(Caption-style text data)
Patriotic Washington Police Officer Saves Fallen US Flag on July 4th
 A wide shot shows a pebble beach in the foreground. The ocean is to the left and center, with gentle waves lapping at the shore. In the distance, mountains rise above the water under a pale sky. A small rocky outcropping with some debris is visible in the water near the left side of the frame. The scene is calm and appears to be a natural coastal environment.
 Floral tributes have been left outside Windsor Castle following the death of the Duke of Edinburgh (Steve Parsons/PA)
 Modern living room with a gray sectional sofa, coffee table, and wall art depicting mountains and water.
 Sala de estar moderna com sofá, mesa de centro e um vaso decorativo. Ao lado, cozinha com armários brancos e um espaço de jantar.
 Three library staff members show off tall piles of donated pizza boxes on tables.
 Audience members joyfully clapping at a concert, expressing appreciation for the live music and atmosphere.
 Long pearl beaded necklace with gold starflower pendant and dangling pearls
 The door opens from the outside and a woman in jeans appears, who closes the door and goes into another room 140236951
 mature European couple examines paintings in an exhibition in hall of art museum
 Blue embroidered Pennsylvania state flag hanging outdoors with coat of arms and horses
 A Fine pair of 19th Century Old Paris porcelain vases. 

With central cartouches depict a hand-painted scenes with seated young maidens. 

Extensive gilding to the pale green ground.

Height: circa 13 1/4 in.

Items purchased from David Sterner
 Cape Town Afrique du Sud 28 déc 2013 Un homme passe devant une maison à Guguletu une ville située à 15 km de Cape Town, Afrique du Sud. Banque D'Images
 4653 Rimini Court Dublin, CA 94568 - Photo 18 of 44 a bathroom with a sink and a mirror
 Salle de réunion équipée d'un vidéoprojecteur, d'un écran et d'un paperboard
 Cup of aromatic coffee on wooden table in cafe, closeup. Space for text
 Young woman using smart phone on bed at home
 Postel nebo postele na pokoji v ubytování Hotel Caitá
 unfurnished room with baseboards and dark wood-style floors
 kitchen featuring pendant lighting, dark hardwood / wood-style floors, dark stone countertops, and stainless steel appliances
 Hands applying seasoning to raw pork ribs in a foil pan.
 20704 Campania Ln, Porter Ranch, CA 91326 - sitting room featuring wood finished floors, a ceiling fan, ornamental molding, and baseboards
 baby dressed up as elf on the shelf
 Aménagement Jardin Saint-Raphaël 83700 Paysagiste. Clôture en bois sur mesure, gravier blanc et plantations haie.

YOUR INSTRUCTIONS - From the records above, repeat exactly the lines from the one with "Blue embroidered Pennsylvania" through the one with "Items purchased from David Sterner", both included.

ANSWER SPACE -
 Blue embroidered Pennsylvania state flag hanging outdoors with coat of arms and horses
 A Fine pair of 19th Century Old Paris porcelain vases. 

With central cartouches depict a hand-painted scenes with seated young maidens. 

Extensive gilding to the pale green ground.

Height: circa 13 1/4 in.

Items purchased from David Sterner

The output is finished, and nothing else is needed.